| REQUIREMENT |
Below are records; from the line containing "Partially demolished room" through the very last line, output each line exactly. No pictures.

(Pictures with short captions)
Content starts

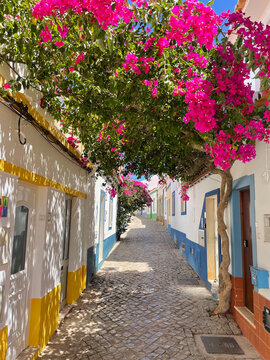 Narrow street in Ferragudo, Algarve Portugal. Bougainvillea. Colourful houses. Landmark.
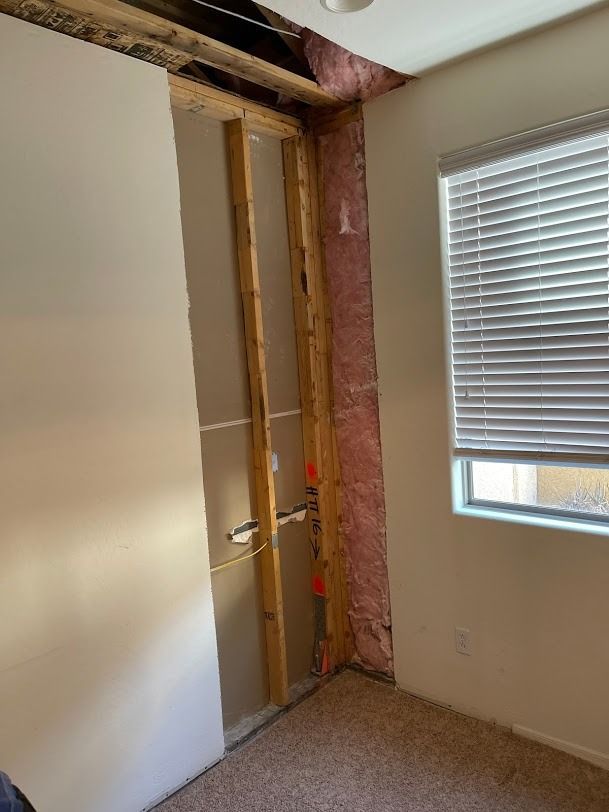 Partially demolished room with exposed wall studs, insulation, and a window with blinds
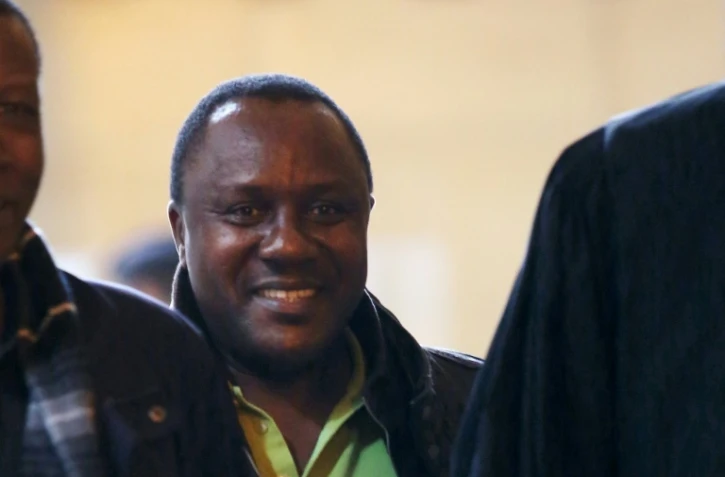 Claude Muhayimana (C), le 11 octobre 2013 à Paris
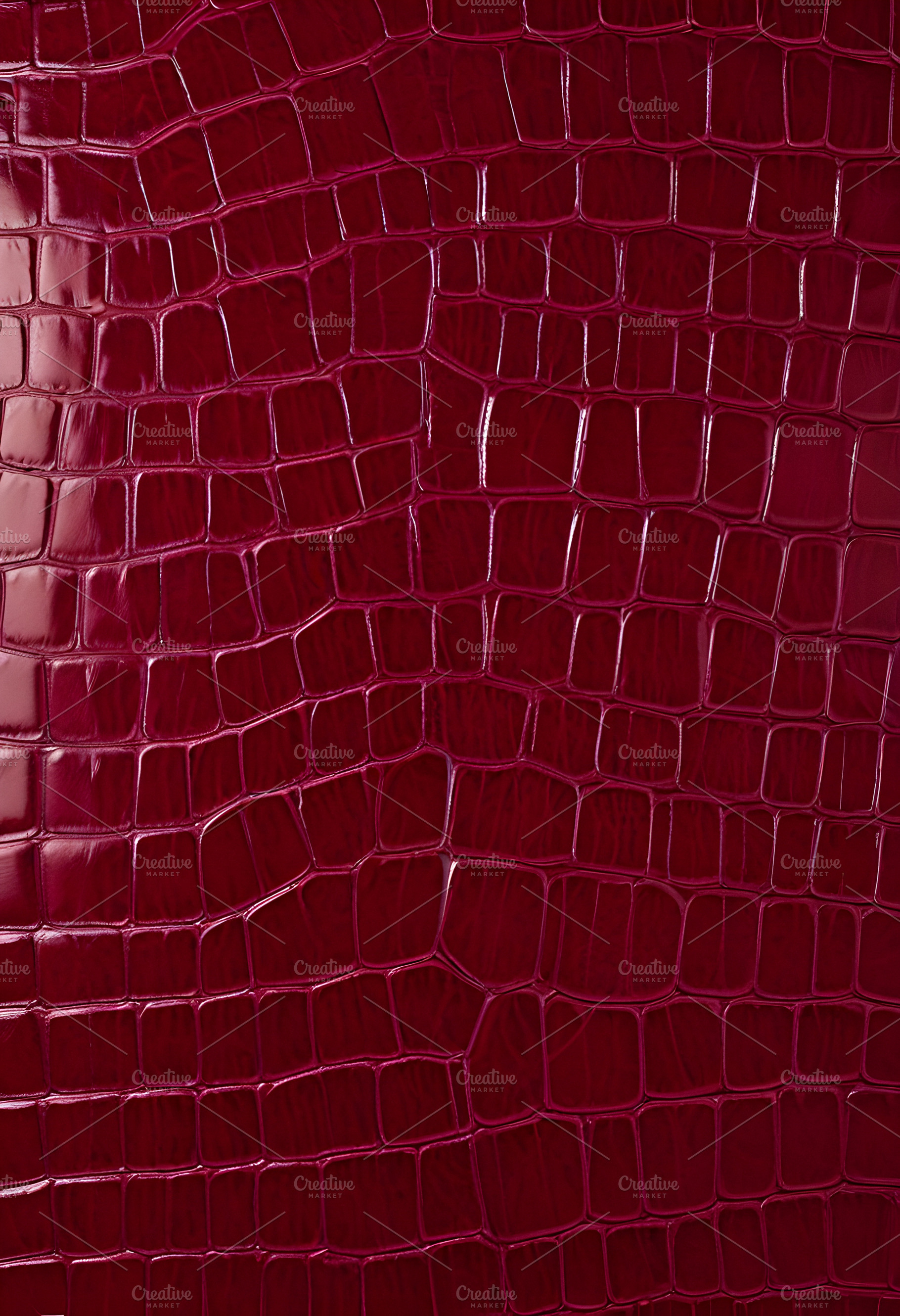 Rich burgundy crocodile leather texture with intricate patterns showcasing luxu, a Background Photo by Kzara Visual Concepts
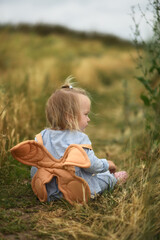 Little beautiful girl  with backpack is walking in the field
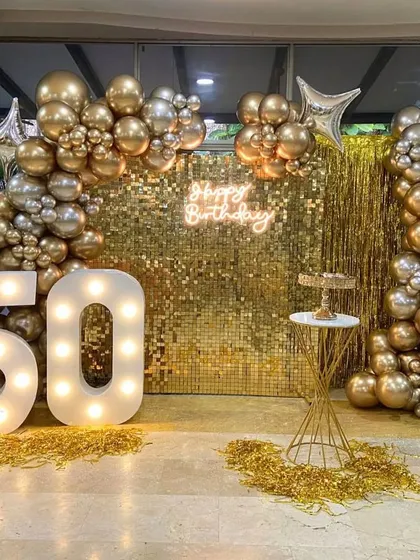 A glamorous 50th birthday setup featuring a gold sequin wall that catches the light beautifully. The scene is framed by a sophisticated balloon arch in metallic gold and silver, with large, illuminated marquee numbers proudly displaying the age.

Content ends

| ANSWER TO THIS TASK |
 Partially demolished room with exposed wall studs, insulation, and a window with blinds
 Claude Muhayimana (C), le 11 octobre 2013 à Paris
 Rich burgundy crocodile leather texture with intricate patterns showcasing luxu, a Background Photo by Kzara Visual Concepts
 Little beautiful girl  with backpack is walking in the field
 A glamorous 50th birthday setup featuring a gold sequin wall that catches the light beautifully. The scene is framed by a sophisticated balloon arch in metallic gold and silver, with large, illuminated marquee numbers proudly displaying the age.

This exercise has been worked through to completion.